For the second consecutive season, Sean Couturier will finish with more than more than 30 goals and 70 points, more than twice as many goals and points as in any of his first six seasons. His career-high 32 goals and his 74 points this season should stand taller than the 31 and 76 from last year, since he had virtually no training camp, and since this year’s team was demonstrably worse.
There is more to Sean Couturier. If the Flyers expect to contend in the next five years, there has to be more.
Couturier is a 26-year-old former No. 8 overall pick who went straight to the NHL as an 18-year-old in 2011, shut down Evgeni Malkin in the playoffs that season and scored a hat trick in Game 2 to help boot the Penguins from that postseason. Couturier is the best two-way player the franchise has seen since the Flyers traded Mike Richards the summer they drafted Couturier. Over the past three seasons, he has been the best player wearing the Orange and Black, period, and that includes Claude Giroux, a Hall of Fame player still in his prime.
Coots could be an All Star. What must change?
He must start faster.
“I tend to have slow starts,” Couturier acknowledged Wednesday.
“I think it’s just me, sometimes, overthinking," he said.
That is not his nature. A prolific scorer in junior hockey, Couturier made his NHL bones as a defense-first center. Now, as a team jells, he looks before he jumps -- if he jumps at all.
“As the year goes on, I get to know the league,” he explained. "The players’ tendencies. I just feel better about the game. I get to know the league better as the year goes on.”
That has been obvious in four of the past five seasons. Couturier managed only eight points in the first 23 games of 2014-15, the first 24 games of 2015-16, and the first 19 games of 2016-17. He had just five points through the first 14 games of this season, an average of 0.36 per game. He averaged 0.67 points per game in the next 61 games. The Flyers were 33-36-11 in those games.
When Couturier hit the ground running last season, with 19 points in his first 16 games, the Flyers went 8-6-2.
He pointed out that whom he skates with, and how well the team defends, and how good the goalie is (or isn’t) can influence how many chances Couturier gets. Injuries happen, too; his knee sprain last summer set him back a bit. But he’s a first-line center, and even he can’t figure out how he failed to record any assists in the first month, especially with Giroux on his line.
“I wish I’d have had a better start, going 12 games without an assist -- which is kind of tough to do,” he acknowledged last week. “Maybe if we’d had a better start, been more consistent earlier in the year, we’d be in a better situation.”
Their situation, of course, is that they were eliminated from the playoffs Saturday at Carolina.

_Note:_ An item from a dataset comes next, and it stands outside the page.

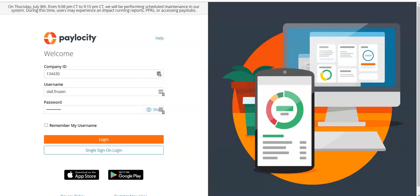In this video, you will learn how to clock in and out in Paylocity using a desktop for the different jobs you might have at the various branches or departments you work in with the YMCA of Greenville.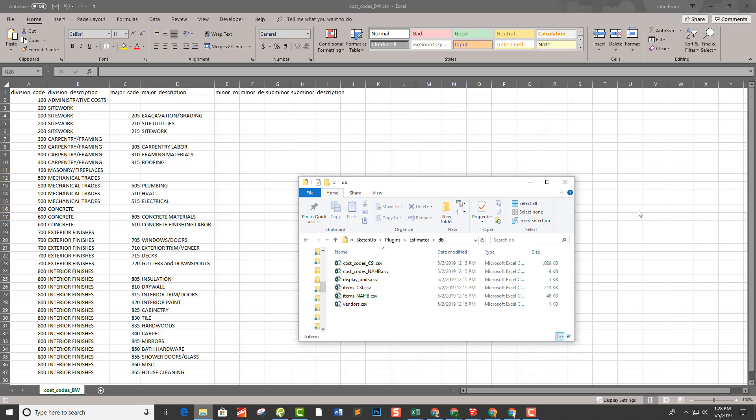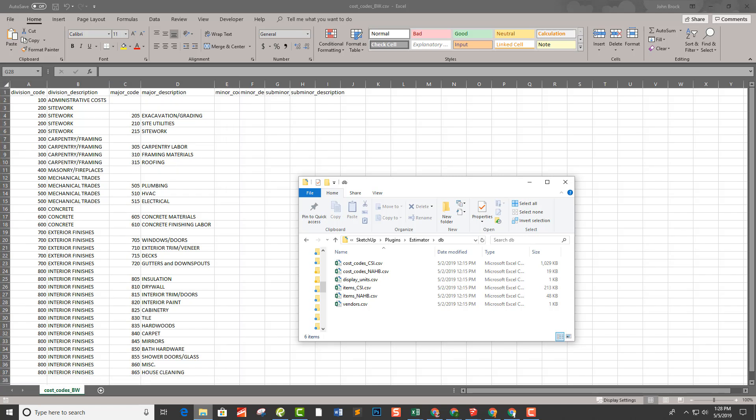Many businesses have proprietary cost codes. This is one I've been using in my business for the last 30 years. So I simply edited the CSV file to match my codes. Once you've set up your cost codes for your business, most likely nothing's going to change there. That's why it's a separate CSV file inside of estimator.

This assured them a seventh straight season without a playoff series win, the longest stretch in team history. Couturier has been on the team for eight years.
Has that stretch been Couturier’s fault? Of course not. The Flyers have lacked stability, focus, and goaltending for years. They’ve burned through four coaches since Couturier arrived, and Scott Gordon remains an interim coach. There soon might be a fifth. They interrupted their own rebuilding project last fall when they fired general manager Ron Hextall less than five years into the process, then handed the tools to Chuck Fletcher.
For most of that time, Couturier was viewed as an exceptional two-way player with modest offensive abilities, and he seemed content: “A few years ago, guys were saying I’m just a third-line shutdown guy.”
“Look, I could have started trying to dangle guys at the blue line. Once in a while, it wouldn’t have looked good. Probably would’ve gotten a better rep, but, at the same time, it wouldn’t be helping the team for the amount of time it works,” he said. “It’s not what I really wanted. Obviously, I wish I would’ve been a top-six forward my second or third year. I could’ve started risking things. Showing what I could be. At the same time, I don’t think I would’ve helped the team."
That’s where Couturier’s judgment needs to change. A little more risk can mean incredible reward. Will he?
“I’d rather be the conservative, solid player,” he said. "When you’re making the right plays all the time, consistently -- I take pride in that. Why would I change that?”
Because the team needs it.
Couturier is careful to stress that his effort does not increase as the season progresses, even if his production does.
“I want to be good from day one, from the first game. I train for that,” he said. “Sometimes, you just overthink the game earlier in the year, whereas as the year goes on, it just comes naturally.”
So, no matter how badly the team might need more aggressive play from him, don’t expect Couturier to start trying to “dangle guys at the blue line.”
“I’ve got to stay the solid, consistent two-way player. I believe in my offensive ability, whereas, I don’t need to risk to get offense. I know I’m going to get chances. It’s been working. I don’t think I should change that,” Couturier said. “For me, it’s all about getting to know the league better. As you get older, you get that advantage earlier in the year.”